Summary of the lectures of the course Marketing & Innovation at the Radboud University in Nijmegen. I myself completed this course with an 8.2, while the average grade for the exam was 6.7.
Extensive notes of all lectures, complemented by the main take-aways of literature.
Marketing and Innovation are important and hot topics in business.
Market orientation = innovations facilitate the conversion of market-oriented business philosophy into
superior corporate performance. Innovation is one way of implementing market orientation. It is a
way to make sure that the vague philosophy is created in a concrete product/service/business plan.
Competing on: differentiation / price / name or brand > the combination makes it better. Most
managers go for the innovation itself, the product.

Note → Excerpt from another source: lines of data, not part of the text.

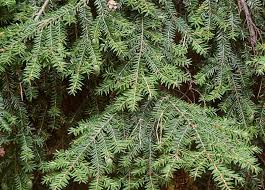 Tsuga canadensis 'hussii' hussi canadian hemlock. Photo Gallery Tsuga Canadensis 1 Garden En Com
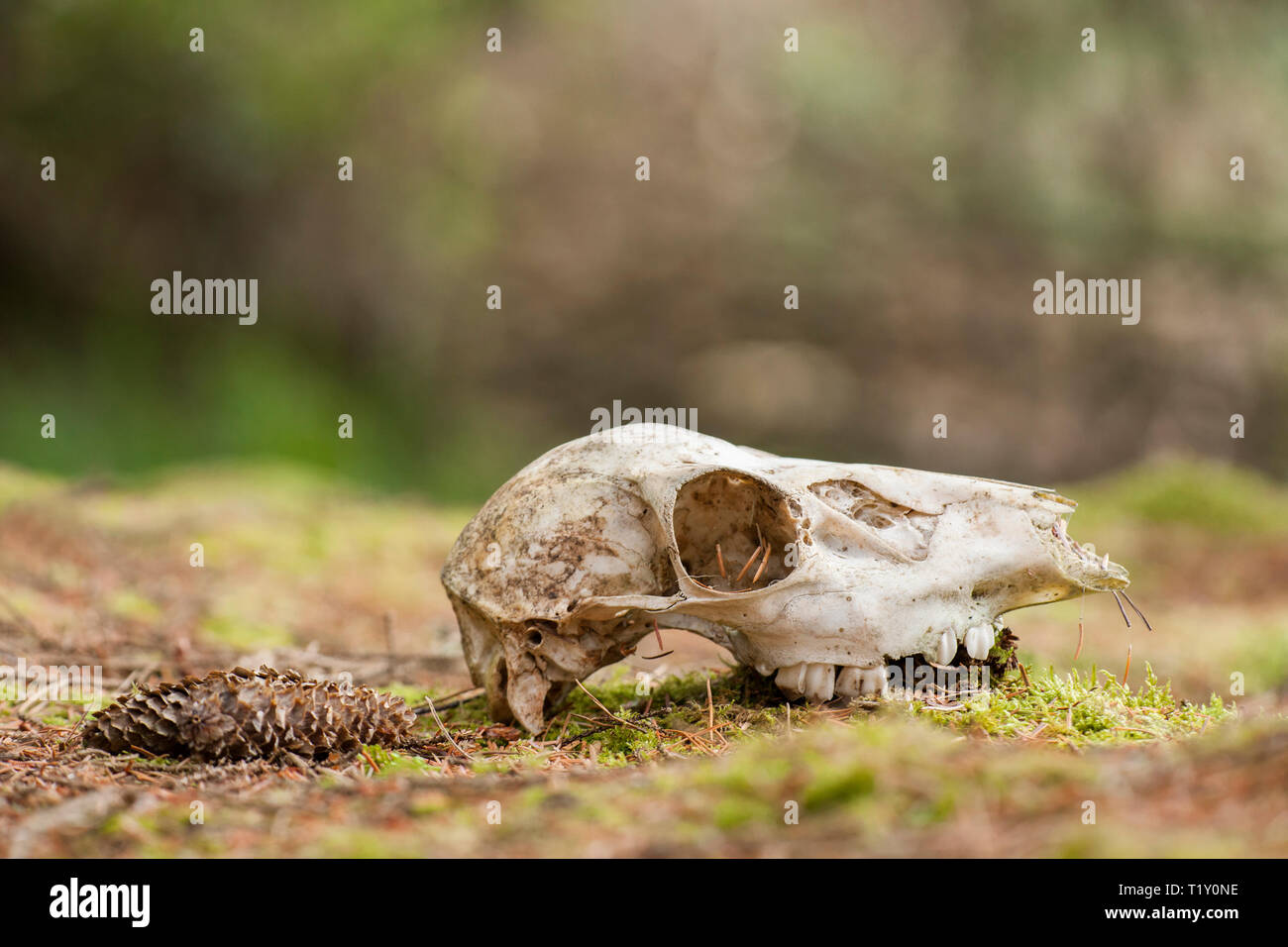 Deer skull lying on woodland floor. Tipperary, Ireland Stock Photo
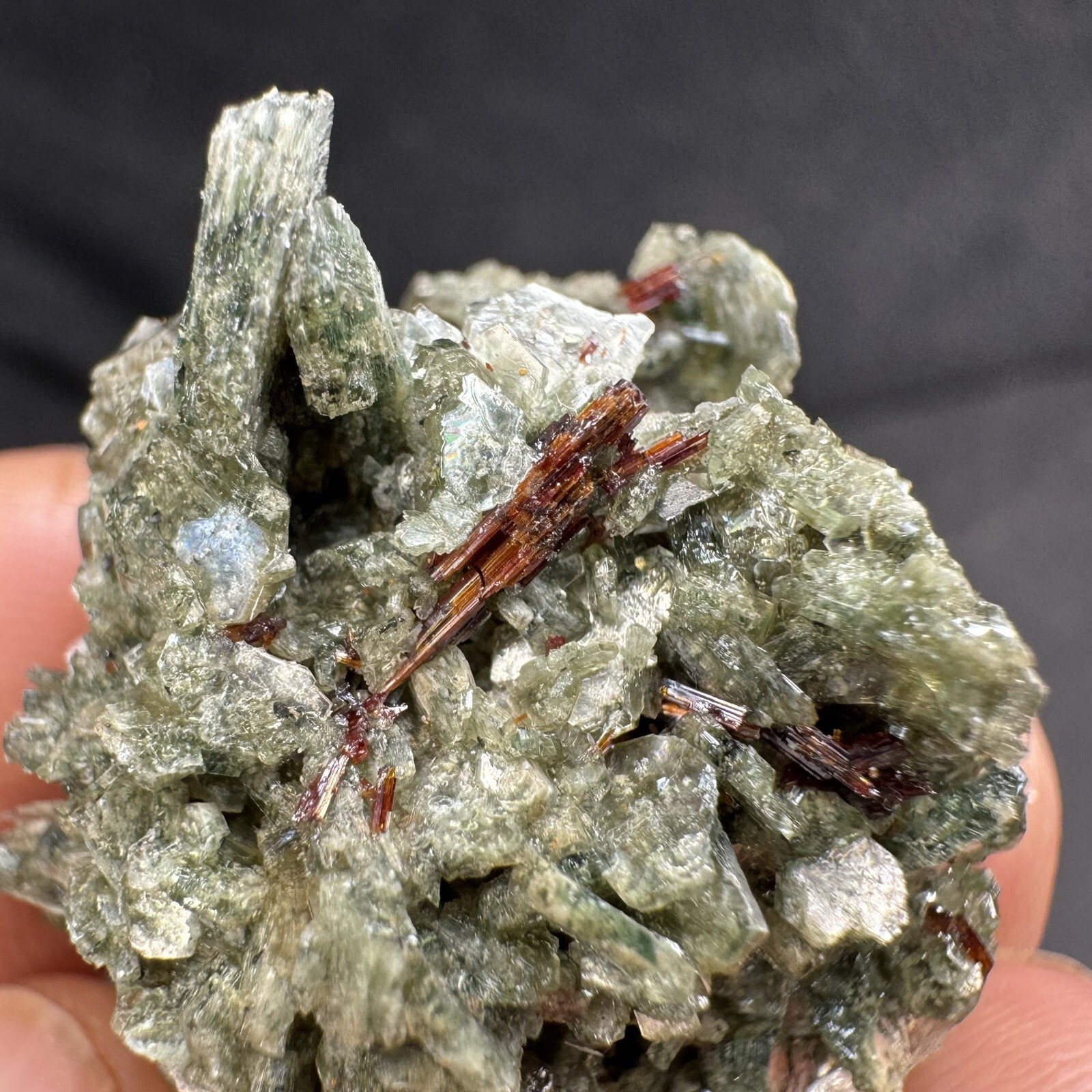 Lot of 4 Green Crystalized Mica Crystal Clusters with Rare Red Rutile Crystals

Performance indicators in a business are revenue, sales promotions, and profit. New products are
making the company more sales and firm value on the long term, compared to already existing
products. This is because value is given away in sales promotion. When innovating, value is created.
You do not need sales promotion if you have good innovations. On the long run, innovations are much
more valuable.
Importance of new products:
▪ Facilitates implementation market orientation
▪ Needed for differentiating from competitors
▪ Needed for long term performance/survival
One of the major barriers in innovation is inertia, which means keep on doing the same thing, absence
of change. Successful new products/services is mainly about overcoming this inertia.
Customer intimacy = it requires a deep understanding of the context in which our products and
services are used in the course of our customers day-to-day lives. You can obtain those insights with
in-depth interviews, research on websites, focus groups, more qualitative measures.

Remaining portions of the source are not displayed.